Jamaica’s goods export lag far behind region
Jamaica’s export of goods for the first two months 2010 grew 17 percentage points slower than the total Caribbean, indicating a comparatively slower post-crisis rebound, a United Nation (UN) body noted last week in a report littered with recommendations.
The export of goods declined 13 per cent for Jamaica but grew 4.4 per cent for the total Caribbean in 2010 during the first two months of the year compared with the corresponding period in 2009.
The statistics were revealed in the annual study — Latin America and the Caribbean in the World Economy 2009-2010, published last week by Economic Commission for Latin America and the Caribbean (ECLAC), which is one of five regional commissions of the United Nations Economic and Social Council.
For 2010, however, Jamaica wasn’t the worst performer–Bahamas declined 23.9 per cent.
The best performers included Trinidad & Tobago, up 10 per cent, Barbados, up 4.8 per cent, and the Eastern Caribbean countries, up 2.7 per cent.
Despite the downturn in Jamaica’s export of goods it was still an improvement over 2009 which registered a decline of 49.8 per cent which was in keeping with Caricom’s decline of 43 per cent.
“Preliminary data for 2010 shows, however, that exports in goods have begun to rebound,” according to the report.
The report revealed that the crisis which peaked in 2009 negatively affected Caribbean trade, with particularly adverse effects on domestic income due to the Caribbean economies’ high dependence on external markets. But discounting the global crisis Jamaica still underperformed the region, between 2003 to 2008 Jamaica’s exports of goods grew 12.5 per cent or nearly half the rate of the Caribbean Community (Caricom) at 23.5 per cent.
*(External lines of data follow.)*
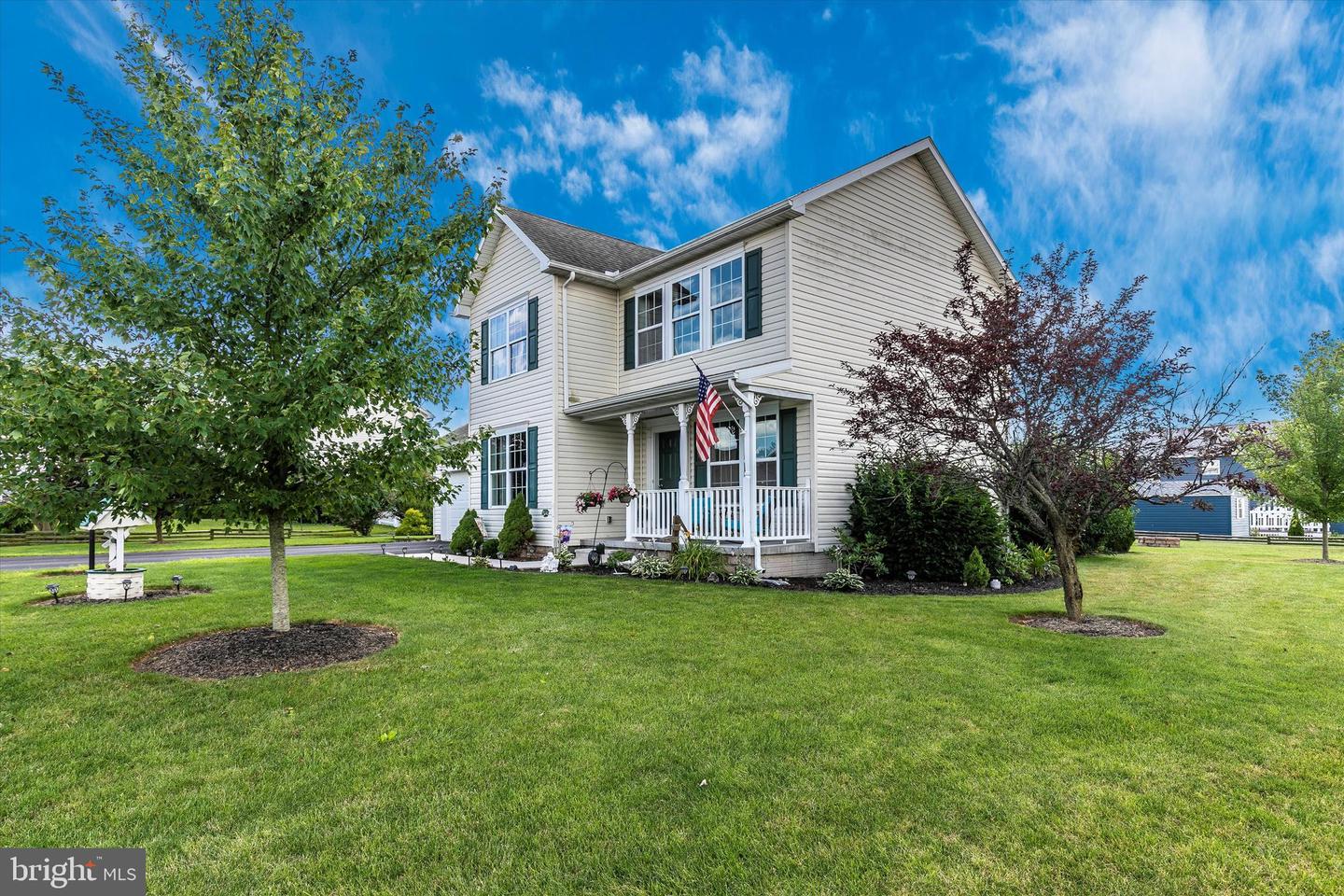 285 W Crest View LANE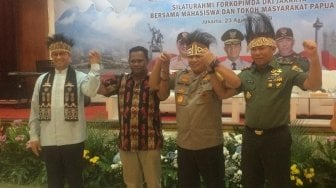 Pasca Kerusuhan, Anies Kumpulkan Orang Papua di Polda Metro Jaya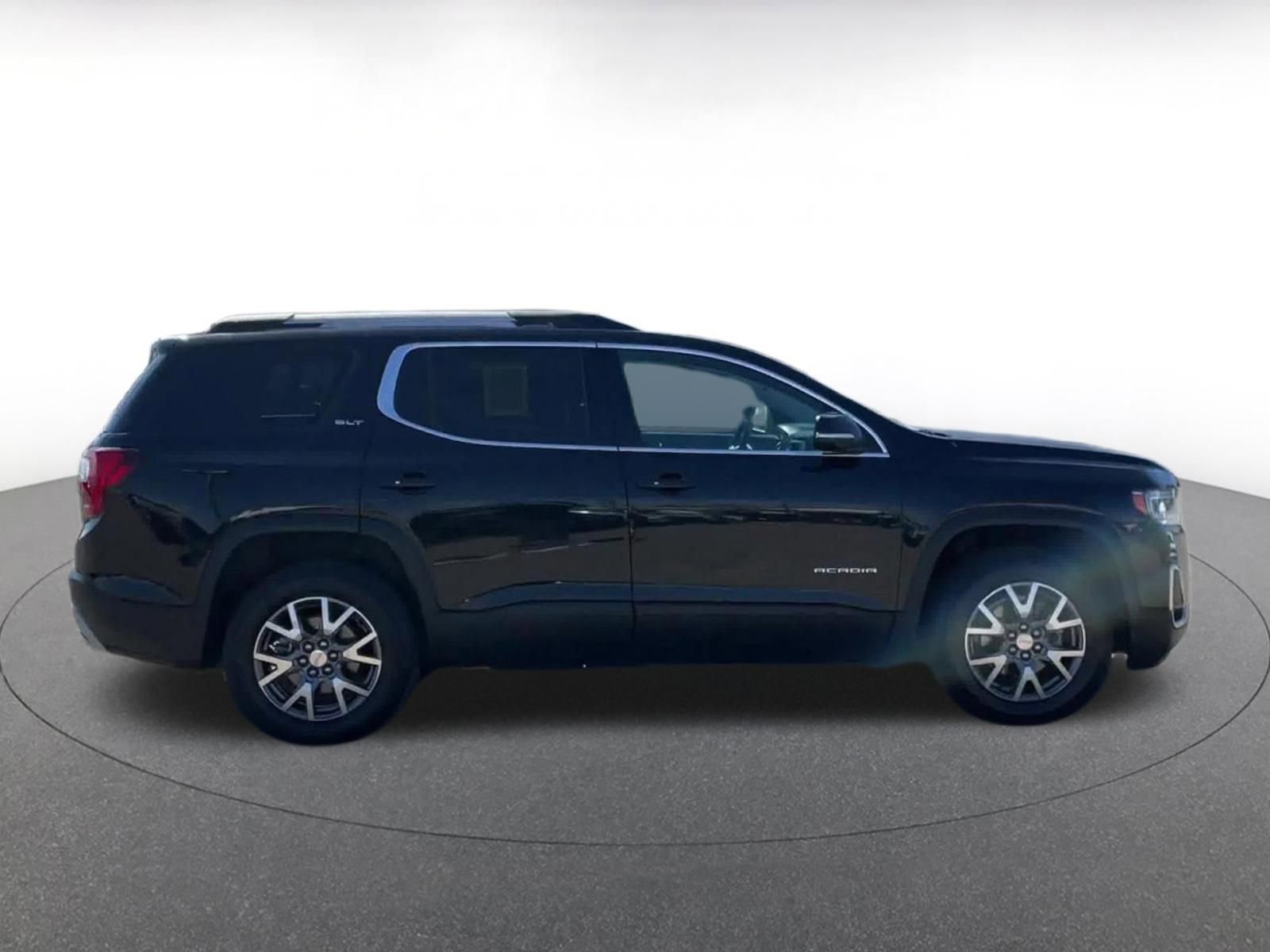 Used 2023 GMC Acadia SLT image 16
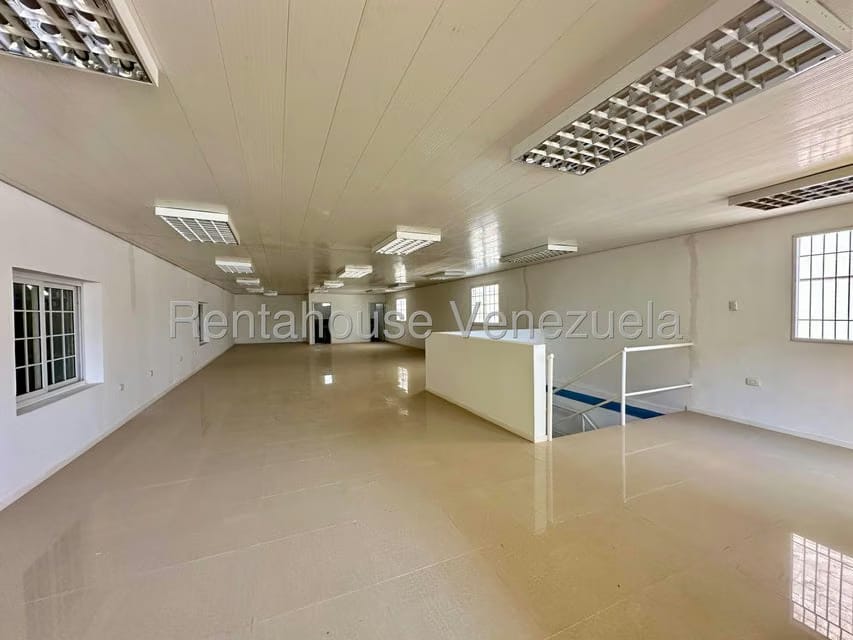 Comercial (Galpon - Deposito) en Venta en Zona Industrial 2, Lara - 20
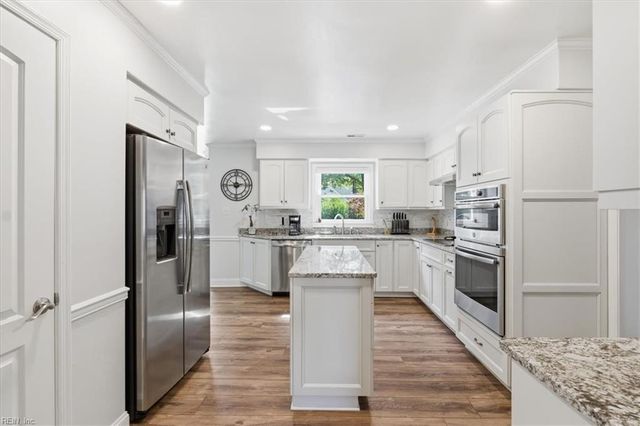 1321 Paramore DR, Virginia Beach, VA 23454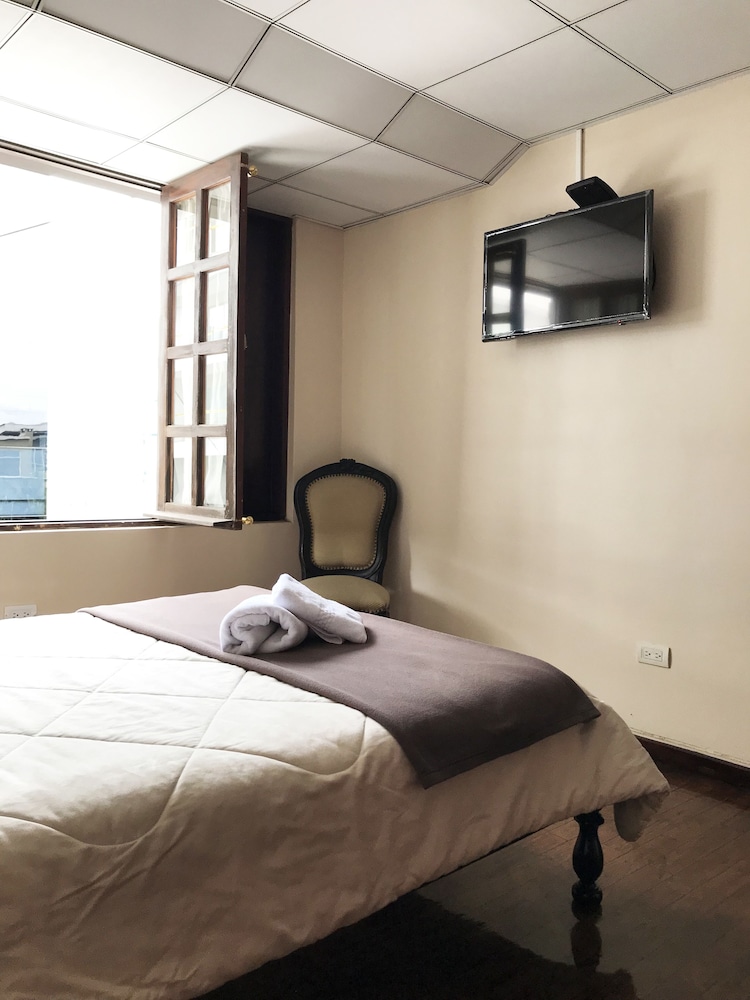 hotel muros quito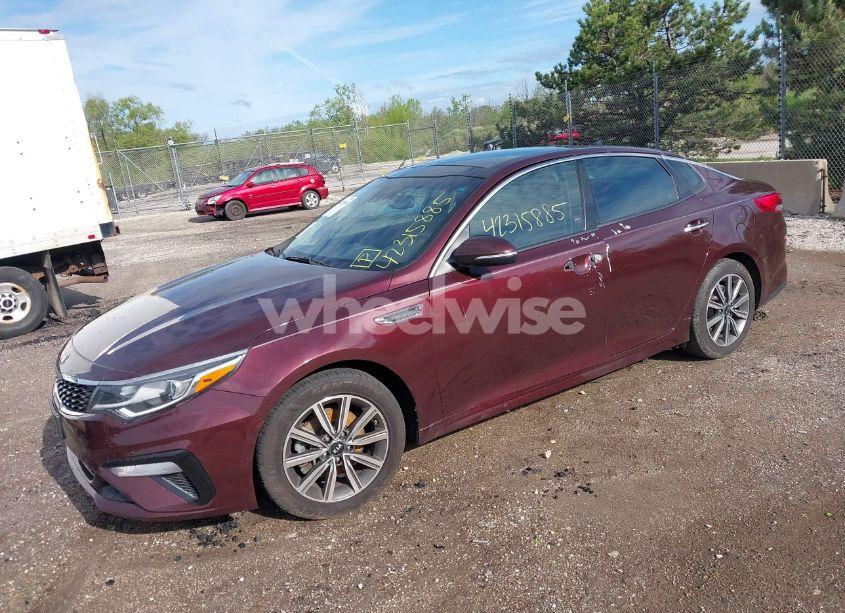 Photo 2 of 2019 Kia Optima LX (VIN 5XXGT4L38KG300261)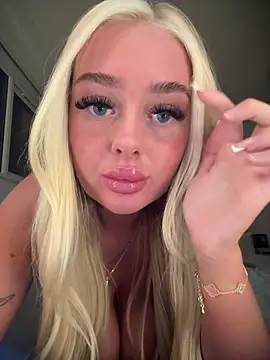 Snapshot of Vanillaheavennn chatting on 04.13.26 Vanillaheavennn online show from 04.13.26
The study recommended that Caribbean countries address four key issues in order to return to a more sustainable development course:
*Deepening sub-regional integration by taking concrete steps toward the implementation of commitments made thus far and correcting existing deficiencies and weaknesses of the ongoing Caribbean integration process;
*Empowering institutional and human-resource capacities to take full advantage of the opportunities that trade agreements with developed economies offer, particularly the Economic Partnership Agreement (EPA) with the European Union;
*Diversifying exports to promote value generation, knowledge incorporation and productivity upgrading in export-related activities; and
*Enhancing intra- and extra-regional co-operation efforts on “supply-side constraints” accompanied by increased financial resources (including those available from Aid for Trade initiatives) to overcome such constraints in the face of increasingly difficult fiscal balances and limited financial resources in the region.
The annual report, which is a flagship of ECLAC, provides projections on regional trade in 2010 and analyses the role of international trade in economic recovery; the evolution of trade in the region over the past decade; the main Latin American subregional integration systems; how to make the most of the current export drive; the prospects of the Caribbean Community and Japan’s recent strategies to deepen its economic relations with Latin America and the Caribbean.
In July, ECLAC statistics revealed that Jamaica is projected to grow 10 times slower than the region in 2010. The debt-ridden island is expected to grow 0.5 per cent this year whilst the average among Latin America and Caribbean nations is 5.2 per cent according to ECLAC’s Economic Survey of Latin America and the Caribbean 2009-2010.
The highest growth rates projected in 2010 are in South America, led by the biggest economy in the region, Brazil with projections at 7.6 per cent, followed by Uruguay at 7.0 per cent, Paraguay at 7.0 per cent, Argentina at 6.8 per cent and Peru at 6.7 per cent. It stated that other countries in the region will have lower growth rates, such as the Dominican Republic at 6.0 per cent, Panama at 5.0 per cent, Bolivia at 4.5 per cent, Chile at 4.3 per cent and Mexico at 4.1 per cent. Colombia at 3.7 per cent, Ecuador and Honduras at 2.5 per cent, Nicaragua and Guatemala 2.0 per cent. Countries with notable declines in growth include Haiti projected to experience negative 8.5 per cent and Venezuela at negative growth 3.0 per cent.